'Oppenheimer' featurette: Christopher Nolan says IMAX 'fully immerses' viewers in the story

Christopher Nolan talks about using IMAX for his film "Oppenheimer" in a featurette. File Photo by David Silpa/UPI
1 of 5 | Christopher Nolan talks about using IMAX for his film "Oppenheimer" in a featurette. File Photo by David Silpa/UPI | License Photo

June 1 (UPI) -- Oppenheimer director Christopher Nolan used IMAX to serve his vision for his new film.

The widescreen cameras create an image 10 times larger than that of regular 35MM film. As he explains in a new featurette about his use of the technology, "Oppenheimer's story is one of the biggest stories imaginable. Our film tries to take you into his experience.
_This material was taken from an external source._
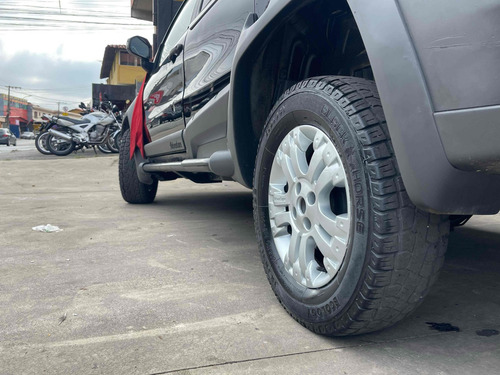 Fiat Strada 1.8 MPI ADVENTURE CD 16V FLEX 2P MANUAL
And IMAX for me is a portal into a level of emotion that you can't get with other formats."


"They won't fear it until they understand it and they won't understand it until they've used it," Oppenheimer star Cillian Murphy says in the Oppenheimer trailer, which is repeated in the featurette.

"IMAX is a format of spectacles and it's made for the vistas and for the grandeur of it," says cinematographer Hoyte Van Hoytema. "I got very curious to discover this as an intimate format. The face is like a landscape. There's a huge complexity and a huge depth to it. How can we get this camera closer to people? How can we get this to work as a very intimate medium?"

In the featurette, when Van Hoytema hoists the camera to shoot a scene, viewers can see just how much of acting with a camera that size forces actors to be completely in tune with their characters.

"I was sitting in the back of a '47 Packard with an IMAX mag on my lap," Robert Downey Jr., who plays Lewis Strauss, says. "[We were] trying to get this driving shot and I felt like I just went back to this origins of great cinema school, cause these lenses are coming at you this close," he gestures the short space between his face and the camera, "and it wakes you up."

Nolan invented the film used to shoot black and white for the IMAX camera which didn't exist beforehand.

"It allows you to fully immerse yourself in the story," Nolan said of the advancement. While some filmmakers have used IMAX cameras for certain scenes, Oppenheimer was shot entirely in the format. "Where the audiences is able to see this in IMAX on the big screen they will be able to experience an extraordinary moment in human history," Nolan says.


Oppenheimer tells the story of Robert Oppenheimer who was instrumental in the creation of the atomic bomb. It will be released in theaters on July 21.